Programmer les Sonates opus 109, 110 et 111 de Beethoven, c’est, pour un pianiste, comme gravir l’Everest. Pour son premier récital classique à Montréal, le Franco-Libanais Abdel Rahman El Bacha s’y frottera mercredi à la salle Bourgie.

Se mesurer aux sonates de Beethoven n’est pas un défi inhabituel pour Abdel Rahman El Bacha, puisque le pianiste d’origine libanaise âgé de 57 ans, élève, comme Alain Lefèvre, de Pierre Sancan au Conservatoire de Paris, a déjà à son actif deux intégrales discographiques !

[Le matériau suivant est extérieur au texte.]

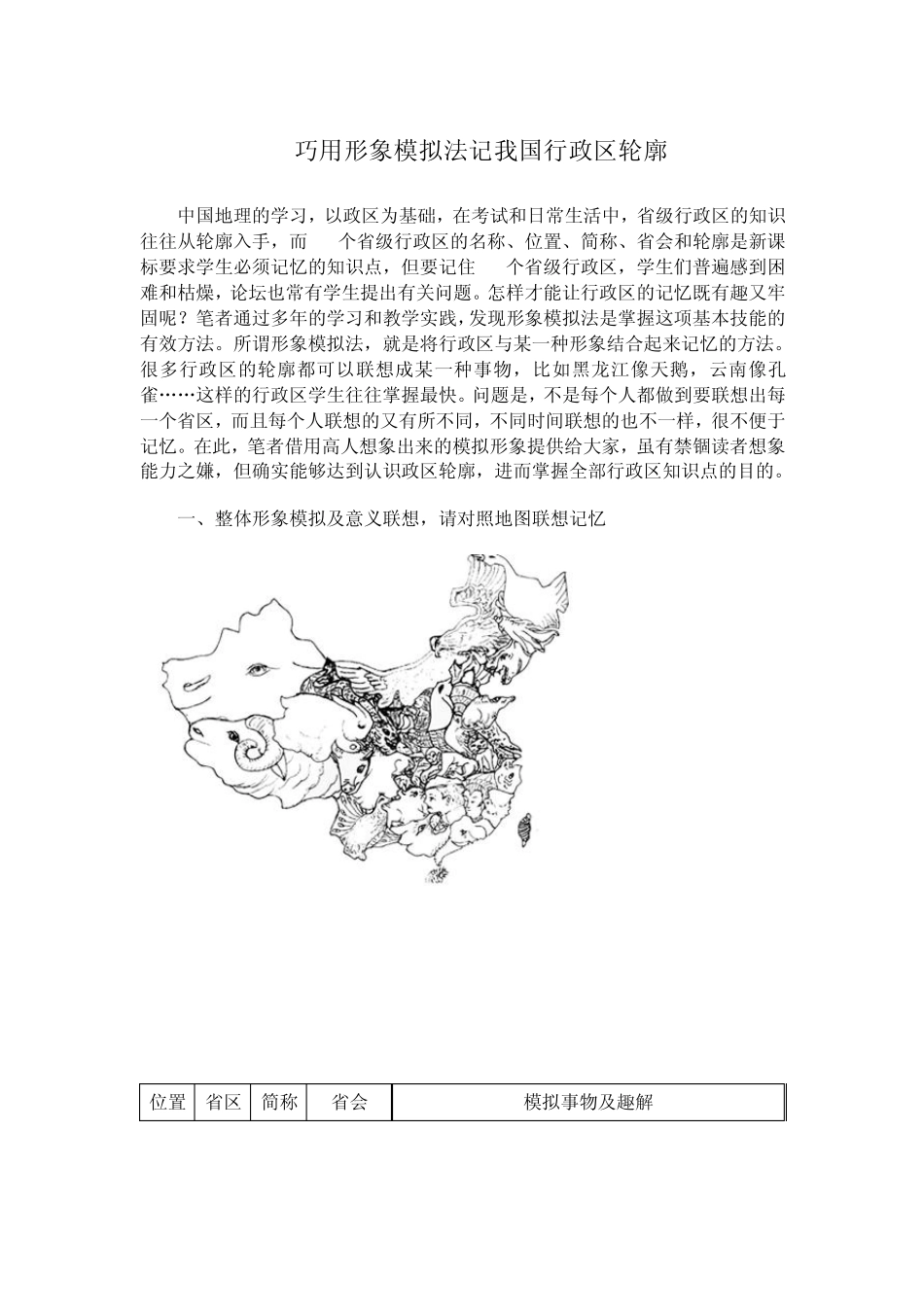 形象模拟法巧记我国行政区轮廓_第1页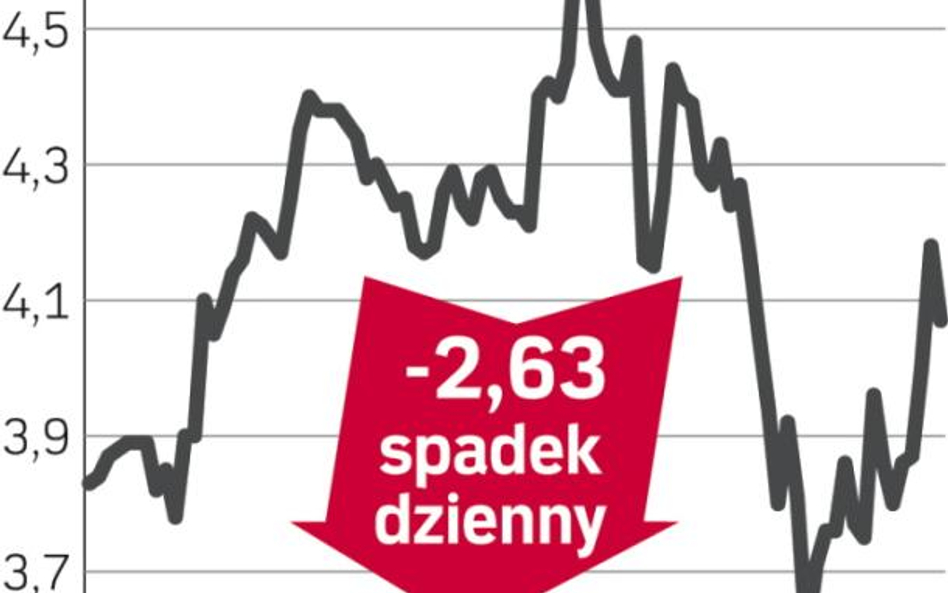 PGNiG – spółka, o której się mówi wWarszawie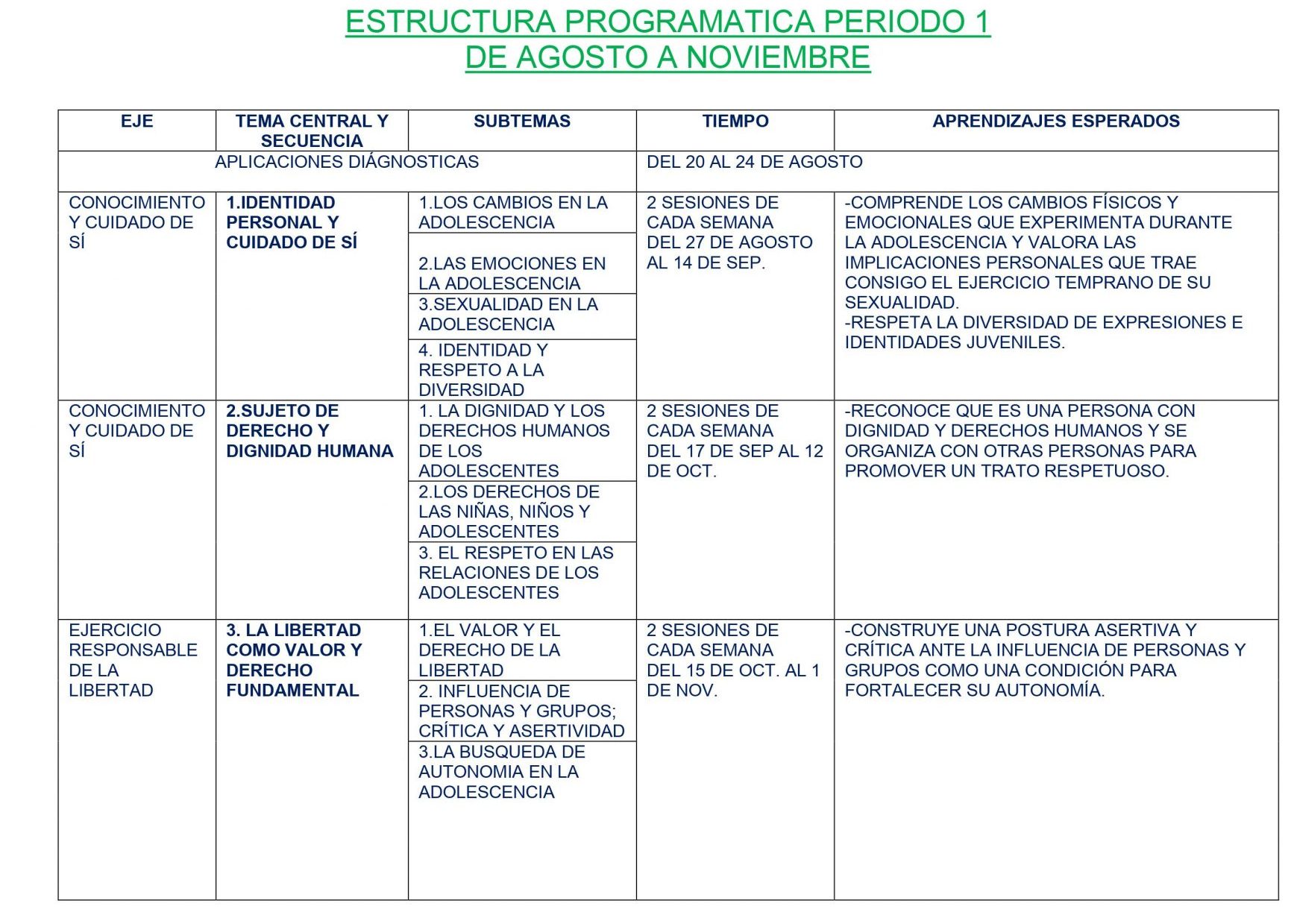 Dosificación Formación Cívica Y Ética 1 Trimestral 04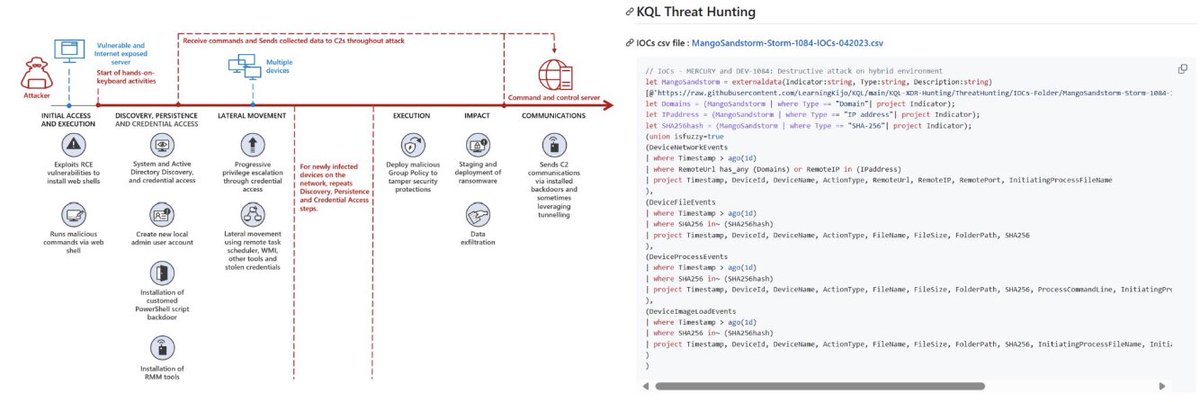 Mango Sandstorm & Storm-1084 KQL hunting 🎉🎉🎉 

KQL : lnkd.in/eW4qvTng

Wrote an out of the box query for tracking Mango Sandstorm & Storm-1084.
- externaldata()
- IoCs from MS blog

La première, pour l’étiquette Forlane, a été entamée en 1987 et achevée en 1993. L’autre, récemment parue chez Mirare, a été réalisée en six mois, en 2012, dans un même lieu, la Ferme de Villefavard en France, et sur un même piano, un Bechstein. Pour la petite histoire, Aldo Ciccolini au crépuscule de sa vie, pour ses enregistrements Mozart (La Dolce Volta), avait aussi choisi un Bechstein.

Beethoven sans fard

 

En entretien au Devoir, Abdel Rahman El Bacha, aujourd’hui professeur à la Chapelle musicale Reine-Élisabeth à Bruxelles, dit se reconnaître dans les deux enregistrements : « Je ne renie rien. À partir du moment où l’on accepte d’enregistrer, on accepte de laisser une image définitive de ce qu’on a été à une époque. »

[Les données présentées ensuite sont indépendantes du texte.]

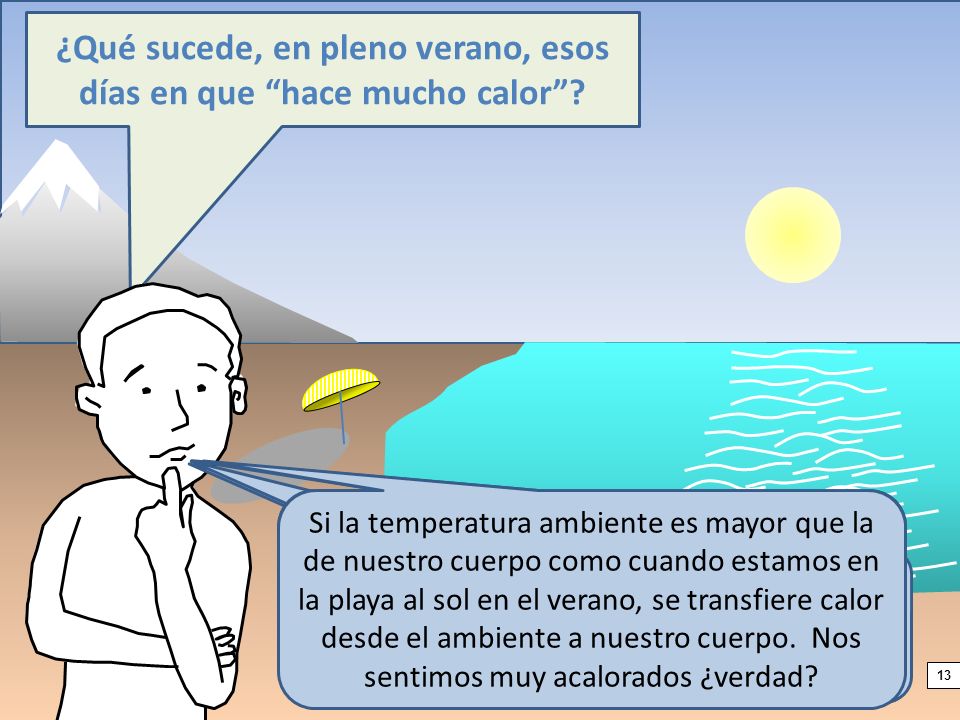 ¿Qué sucede, en pleno verano, esos días en que hace mucho calor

Sur le plan musical, il pense que la nouvelle intégrale Mirare marque « un progrès dans l’aboutissement et la réalisation d’une pensée qui n’a pas forcément changé » et avoue n’avoir jamais été déçu, à l’époque, lors de la publication de chacun des volumes édités par Forlane. « C’était ce que je voulais faire à ce moment-là. Il me semble aujourd’hui qu’avec le choix du Bechstein, un piano qui me convient particulièrement pour ses capacités de chant et de legato, mes interprétations ont une autre couleur. »

Ce qui frappe, en général, lorsqu’on écoute Abdel Rahman El Bacha, c’est de recevoir une sorte de matière brute, un message musical sans fard. « Vous touchez juste : il n’y a pas de maquillage. Je recherche la plus grande simplicité et la plus grande vérité ; celle qui me permet de ressentir les oeuvres. »

Abdel Rahman El Bacha fuit ainsi « toute démonstration » et cherche « la fidélité la plus scrupuleuse » par rapport « aux intentions visibles » du compositeur. « Il y a évidemment des intentions cachées, qui sont sujettes à interprétation, mais, en ce qui concerne les partitions, elles ont été annotées avec le plus grand soin par Beethoven. »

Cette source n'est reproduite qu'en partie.